* The records:
════════════════════
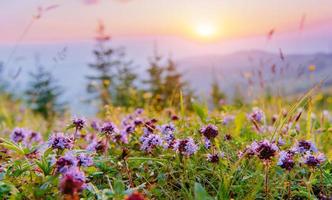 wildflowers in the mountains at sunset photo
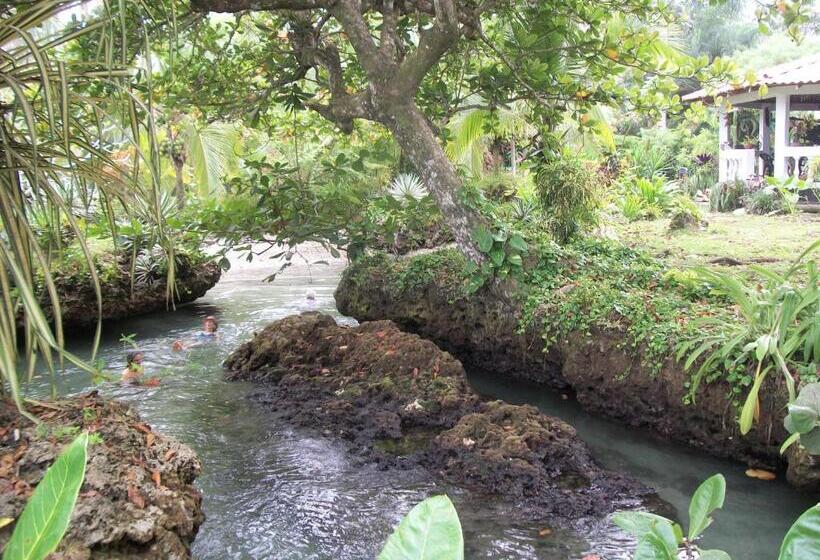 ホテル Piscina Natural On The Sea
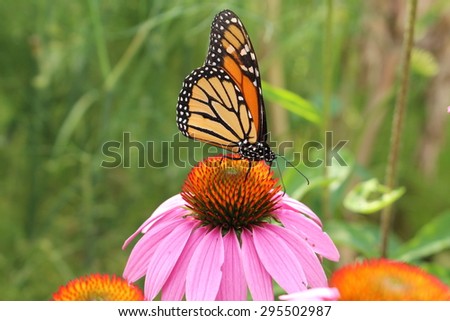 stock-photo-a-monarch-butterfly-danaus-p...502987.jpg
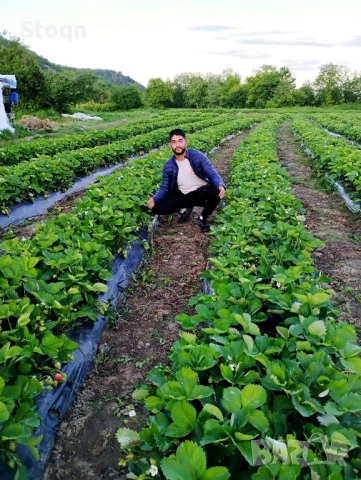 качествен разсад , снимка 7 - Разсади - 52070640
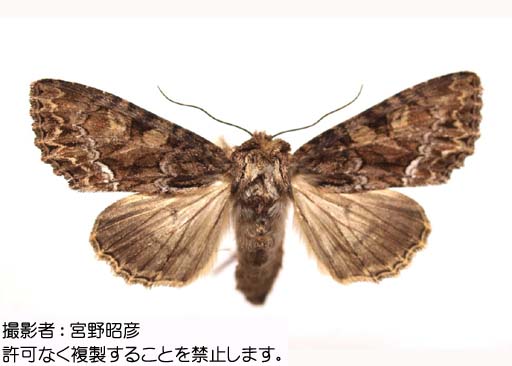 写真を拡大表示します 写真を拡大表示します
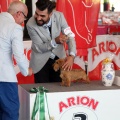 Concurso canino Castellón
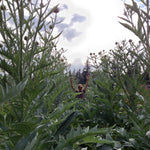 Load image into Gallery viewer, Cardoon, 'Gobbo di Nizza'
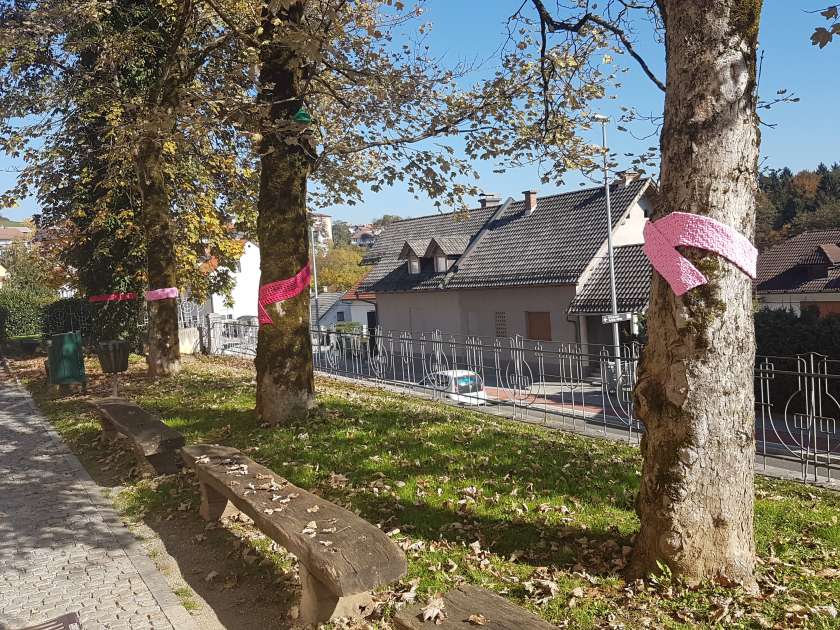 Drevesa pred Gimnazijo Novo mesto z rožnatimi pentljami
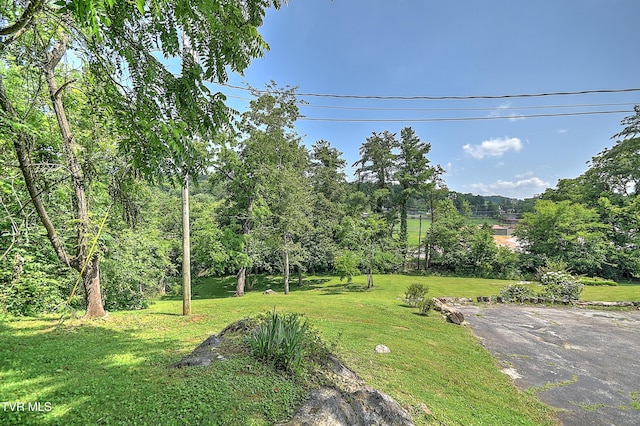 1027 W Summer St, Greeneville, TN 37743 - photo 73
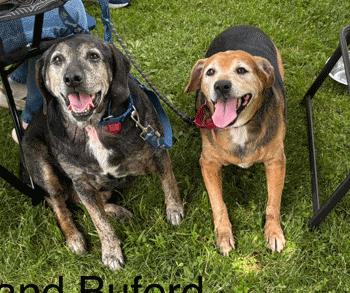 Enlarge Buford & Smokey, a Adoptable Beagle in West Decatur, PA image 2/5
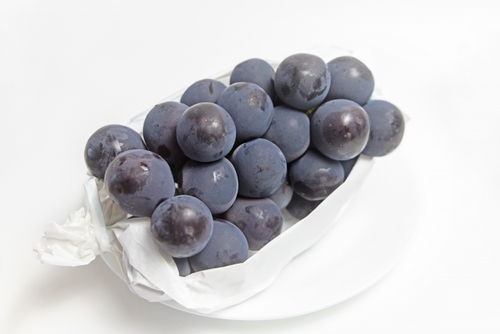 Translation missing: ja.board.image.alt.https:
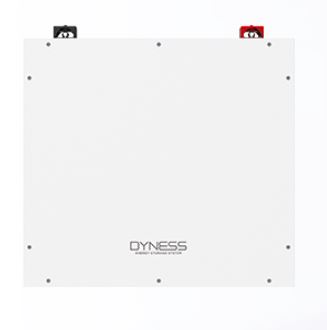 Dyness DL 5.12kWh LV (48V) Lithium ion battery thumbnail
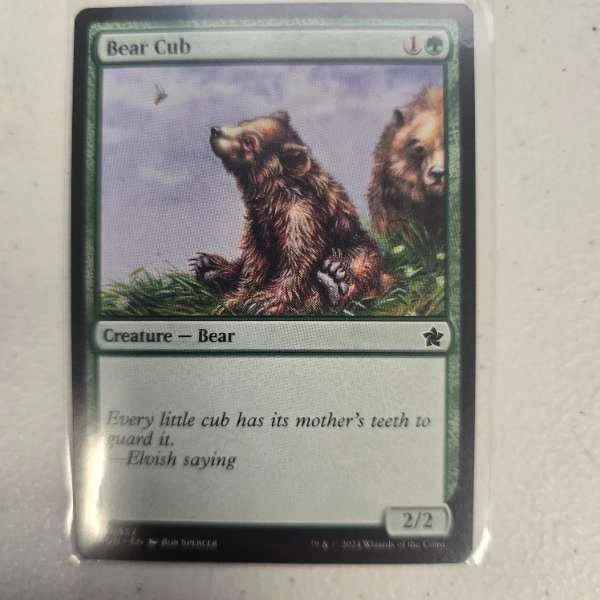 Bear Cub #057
════════════════════
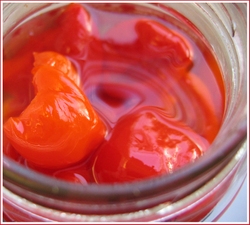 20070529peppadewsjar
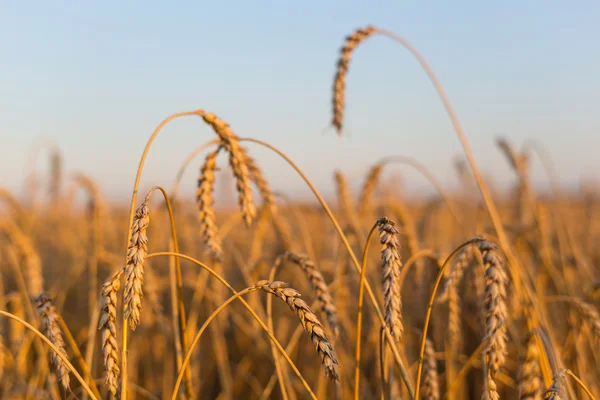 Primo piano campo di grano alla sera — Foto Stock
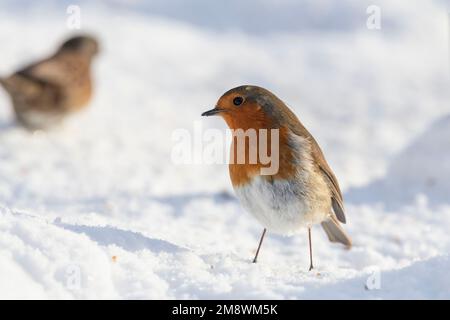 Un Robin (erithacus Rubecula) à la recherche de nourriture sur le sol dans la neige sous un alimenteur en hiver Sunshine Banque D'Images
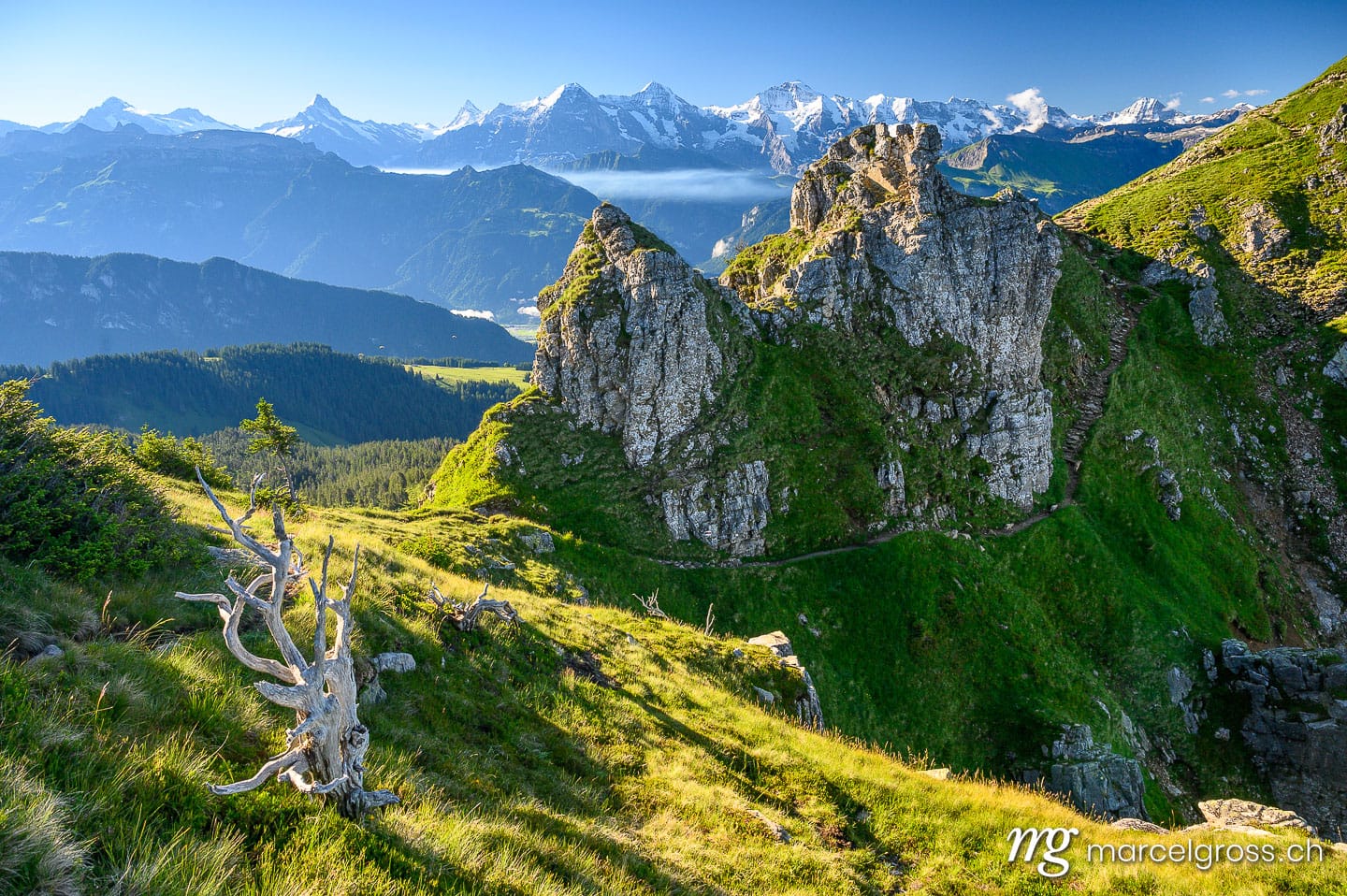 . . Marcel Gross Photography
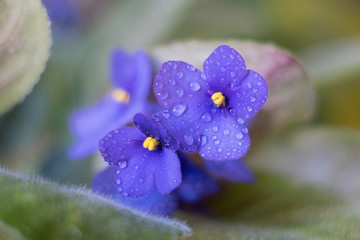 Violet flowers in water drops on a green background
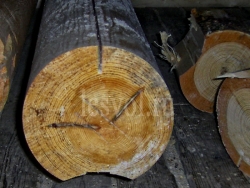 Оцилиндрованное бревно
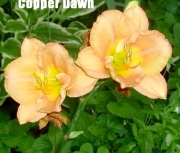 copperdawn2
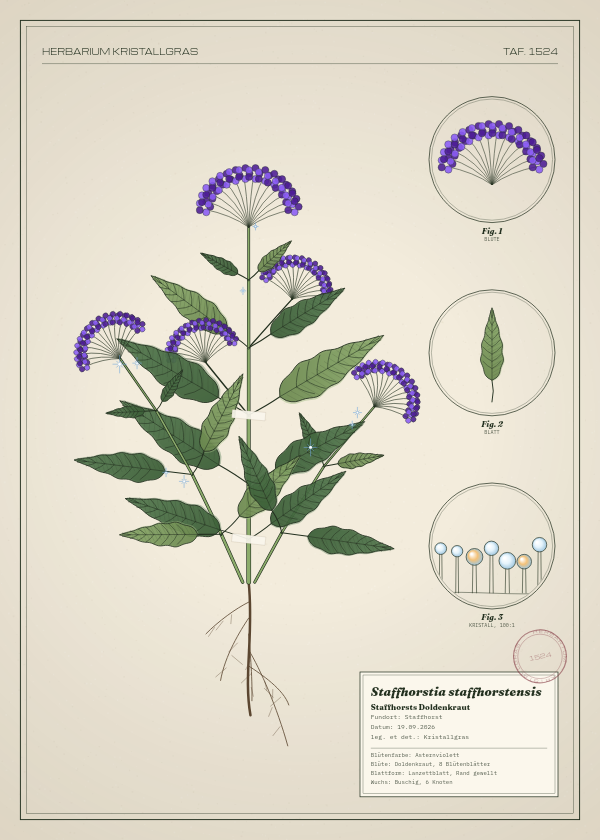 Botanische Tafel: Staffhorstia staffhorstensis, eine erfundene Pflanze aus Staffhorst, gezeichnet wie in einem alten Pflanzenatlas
════════════════════
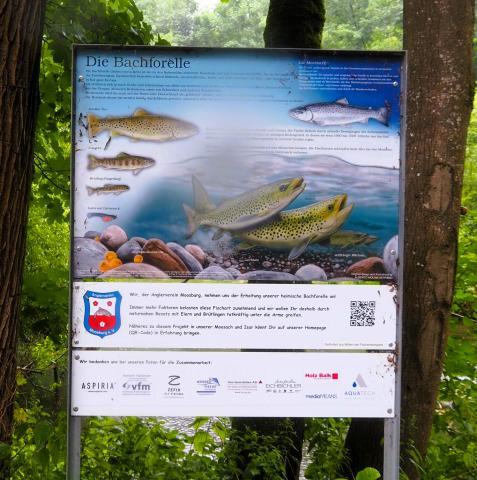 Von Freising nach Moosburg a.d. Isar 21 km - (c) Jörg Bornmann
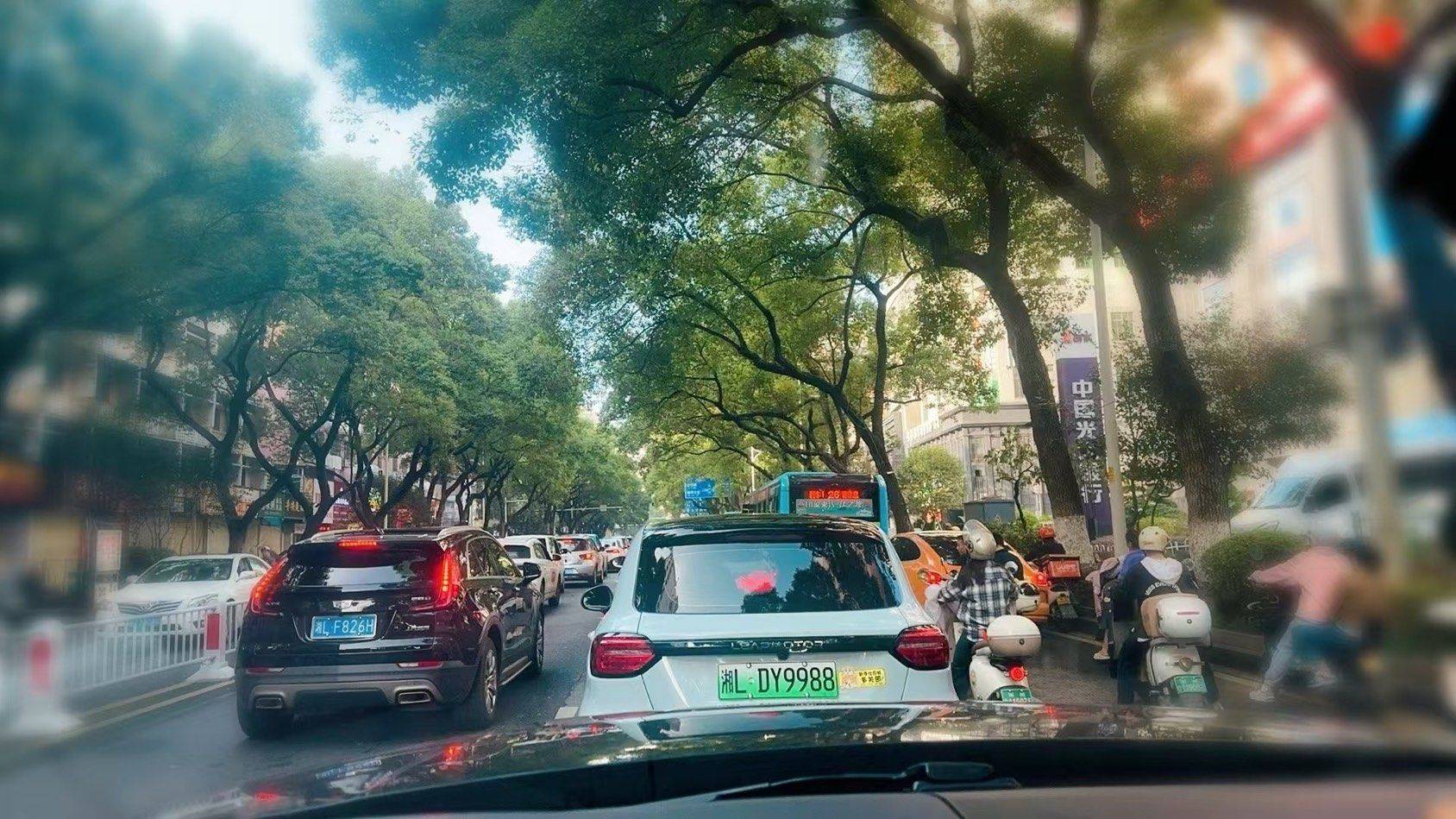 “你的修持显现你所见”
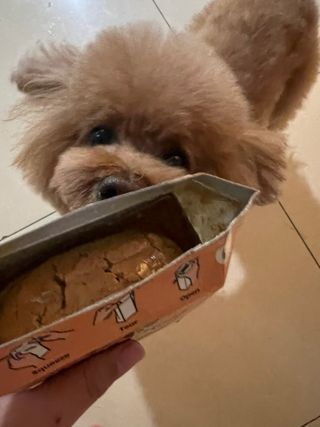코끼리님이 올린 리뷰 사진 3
════════════════════
* What to do: Leaving every picture aside, reproduce exactly the lines above from the one with "ホテル Piscina Natural On The Sea" up to and including the one with "Dyness DL 5.12kWh", and no others.

* Exercise answer:
 ホテル Piscina Natural On The Sea
 stock-photo-a-monarch-butterfly-danaus-p...502987.jpg
 качествен разсад , снимка 7 - Разсади - 52070640
 写真を拡大表示します 写真を拡大表示します
 Concurso canino Castellón
 Load image into Gallery viewer, Cardoon, 'Gobbo di Nizza'
 Drevesa pred Gimnazijo Novo mesto z rožnatimi pentljami
 1027 W Summer St, Greeneville, TN 37743 - photo 73
 Enlarge Buford & Smokey, a Adoptable Beagle in West Decatur, PA image 2/5
 Translation missing: ja.board.image.alt.https:
 Dyness DL 5.12kWh LV (48V) Lithium ion battery thumbnail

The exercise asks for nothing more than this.